> [WHAT TO DO]
The string "Used" may appear on lines of the entries below; report how many such lines there are, and only that.

Dataset items

+ + + + + + +

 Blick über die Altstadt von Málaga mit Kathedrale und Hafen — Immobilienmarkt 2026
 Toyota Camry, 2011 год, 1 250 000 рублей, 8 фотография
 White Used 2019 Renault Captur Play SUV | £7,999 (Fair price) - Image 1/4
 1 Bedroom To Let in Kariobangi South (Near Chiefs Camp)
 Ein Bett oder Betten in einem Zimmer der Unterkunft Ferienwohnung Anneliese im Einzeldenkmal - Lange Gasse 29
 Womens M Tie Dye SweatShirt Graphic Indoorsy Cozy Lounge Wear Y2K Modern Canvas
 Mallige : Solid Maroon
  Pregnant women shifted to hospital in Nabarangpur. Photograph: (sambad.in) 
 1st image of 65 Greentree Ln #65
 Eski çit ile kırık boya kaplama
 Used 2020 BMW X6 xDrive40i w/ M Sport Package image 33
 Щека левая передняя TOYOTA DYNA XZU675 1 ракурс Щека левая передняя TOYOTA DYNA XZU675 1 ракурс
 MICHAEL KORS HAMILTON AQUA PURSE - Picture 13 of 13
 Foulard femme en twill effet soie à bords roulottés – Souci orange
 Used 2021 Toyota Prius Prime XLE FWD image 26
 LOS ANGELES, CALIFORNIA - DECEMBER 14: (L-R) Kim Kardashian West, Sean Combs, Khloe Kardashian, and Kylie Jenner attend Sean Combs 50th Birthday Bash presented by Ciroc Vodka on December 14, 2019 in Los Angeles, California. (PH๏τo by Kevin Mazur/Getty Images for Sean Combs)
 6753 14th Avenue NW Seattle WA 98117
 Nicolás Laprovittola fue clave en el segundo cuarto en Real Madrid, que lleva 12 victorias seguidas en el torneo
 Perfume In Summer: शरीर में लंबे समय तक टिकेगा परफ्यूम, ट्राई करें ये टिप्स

+ + + + + + +

> [ANSWER BOX]
3